Posted on Monday 9 November 2015Thursday 4 July 2019
Neil Jendon—Invisibility (2008)
Neil Jendon—Invisibility (2008)

Details

Performed and recorded May to August 2008 by Neil Jendon. Released on BloodLust! (Chicago), 2008.

Band

Neil Jendon—Everything

Tracks

  1. First invisibility (2:32)
  2. Second invisibility (18:38)
  3. Third invisibility (5:28)
  4. Fourth invisibility (21:58)

Review

While I was listening to this album I asked two of my kids what they thought of it. “Is this music?” I asked. One replied yes, the other no. It’s definitely art, then.

This is very much an experimental electronic album, in the same ballpark as Mike Patton’s 1996 album Adult Themes for Voice. It’s a fusion of noises.
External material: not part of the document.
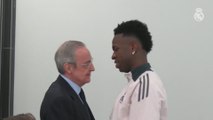 La visita de Florentino Pérez en el hotel de concentración del Real Madrid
This is the sound of the apocalypse. It is noisy and confusing, it is jarring and relentless.

“First invisibility” made me feel like I was in a submarine, silently passed through a battle that was raging outside. The calmness is rudely interrupted by “Second invisibility”, an exercise in white noise that resolves to a hum, like the ringing of a handful of Buddhist prayer bowls.

“Third invisibility” sounds like how I imagine being trapped in a storm in Antarctica. It is relentless white noise.

And lastly “Fourth invisibility”, which lasts for a little over 20 minutes, is the most experimental and internally varied of all the tracks. It bubbles and pops and gurgles through its duration. This is the soundtrack for crash-landing on an alien planet. Though, to be honest, if I chose to do that then I think I would prefer to listen to Mozart or Palestrina while doing so.

Conclusion

This isn’t an album for every day listening. I’m not entirely convinced that it’s an album for any day listening. Still, it has structure and dynamics and I do find it rather intriguing.

Each time I’ve listened to it, when it has finished and the silence returns like the tide rushing in, I do know that I’ve listened to something. It’s not easily forgettable. That has to say something for the impact of this work, I guess.